TASK DATA

------------------------------

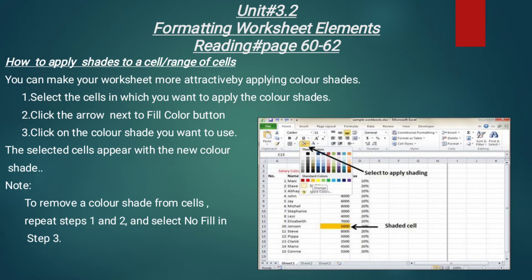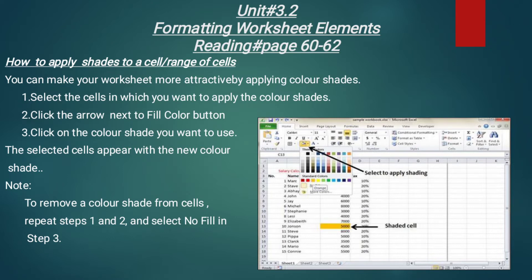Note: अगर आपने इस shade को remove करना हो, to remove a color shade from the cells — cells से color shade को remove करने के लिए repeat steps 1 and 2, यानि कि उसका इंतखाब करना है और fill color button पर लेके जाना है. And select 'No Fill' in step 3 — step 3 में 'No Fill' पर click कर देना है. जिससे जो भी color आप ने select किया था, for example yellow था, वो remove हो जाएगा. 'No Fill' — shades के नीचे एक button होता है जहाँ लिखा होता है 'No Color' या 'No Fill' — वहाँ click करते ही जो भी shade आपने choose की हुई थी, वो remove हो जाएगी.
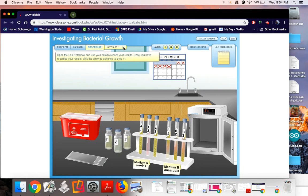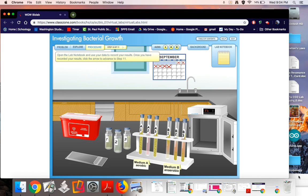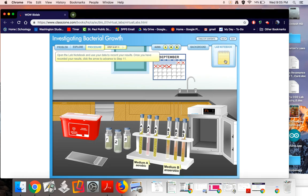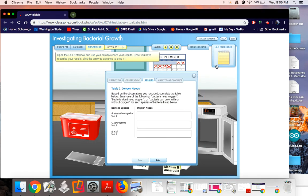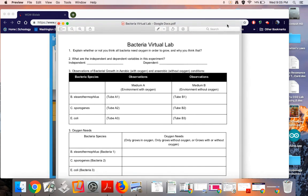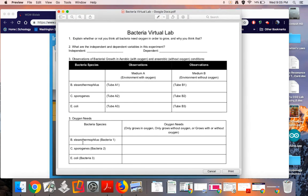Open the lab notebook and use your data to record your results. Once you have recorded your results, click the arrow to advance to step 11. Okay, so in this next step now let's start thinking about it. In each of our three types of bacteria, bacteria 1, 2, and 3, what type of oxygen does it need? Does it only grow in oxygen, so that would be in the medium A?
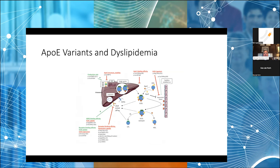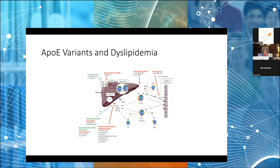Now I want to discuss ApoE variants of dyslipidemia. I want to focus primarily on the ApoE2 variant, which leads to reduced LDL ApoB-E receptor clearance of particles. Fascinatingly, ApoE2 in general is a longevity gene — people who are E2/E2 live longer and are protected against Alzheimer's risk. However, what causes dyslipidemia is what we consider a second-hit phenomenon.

------------------------------

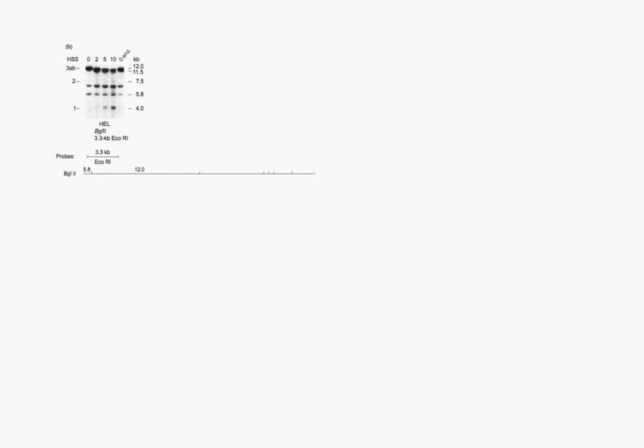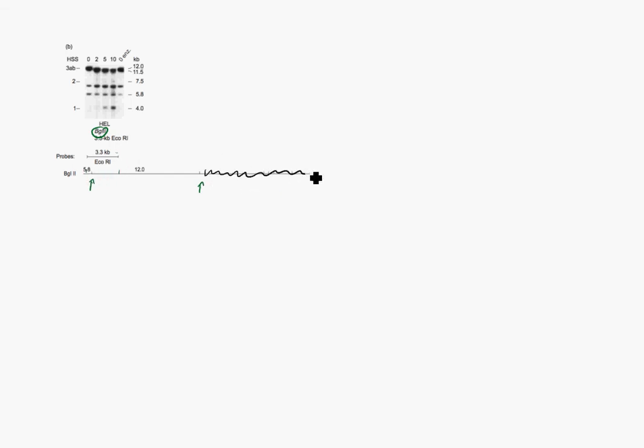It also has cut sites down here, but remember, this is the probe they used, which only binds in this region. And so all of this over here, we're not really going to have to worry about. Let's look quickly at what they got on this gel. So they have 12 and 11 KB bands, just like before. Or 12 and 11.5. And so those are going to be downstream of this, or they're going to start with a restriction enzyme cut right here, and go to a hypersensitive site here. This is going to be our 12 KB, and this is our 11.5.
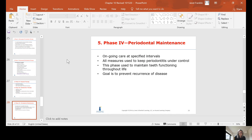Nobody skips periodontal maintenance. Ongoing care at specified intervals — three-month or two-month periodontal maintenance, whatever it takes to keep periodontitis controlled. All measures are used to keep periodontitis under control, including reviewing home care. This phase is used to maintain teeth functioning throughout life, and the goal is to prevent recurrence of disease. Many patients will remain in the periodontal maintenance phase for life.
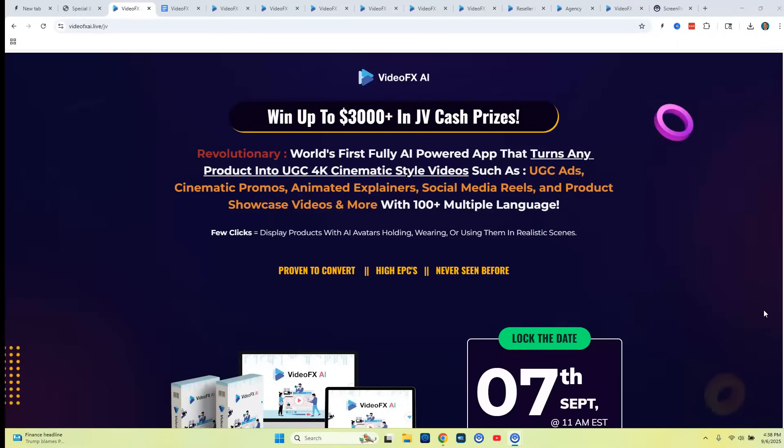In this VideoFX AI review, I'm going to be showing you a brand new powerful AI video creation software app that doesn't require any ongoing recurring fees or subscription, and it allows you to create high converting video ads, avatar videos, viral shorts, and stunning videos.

------------------------------

TASK TO CARRY OUT
Copy the lines above exactly, starting at the one with "Open the lab" and ending at the one with "Now I want to", both included. Leave out any pictures and add nothing else.

TASK RESULT
Open the lab notebook and use your data to record your results. Once you have recorded your results, click the arrow to advance to step 11. Okay, so in this next step now let's start thinking about it. In each of our three types of bacteria, bacteria 1, 2, and 3, what type of oxygen does it need? Does it only grow in oxygen, so that would be in the medium A?
Now I want to discuss ApoE variants of dyslipidemia. I want to focus primarily on the ApoE2 variant, which leads to reduced LDL ApoB-E receptor clearance of particles. Fascinatingly, ApoE2 in general is a longevity gene — people who are E2/E2 live longer and are protected against Alzheimer's risk. However, what causes dyslipidemia is what we consider a second-hit phenomenon.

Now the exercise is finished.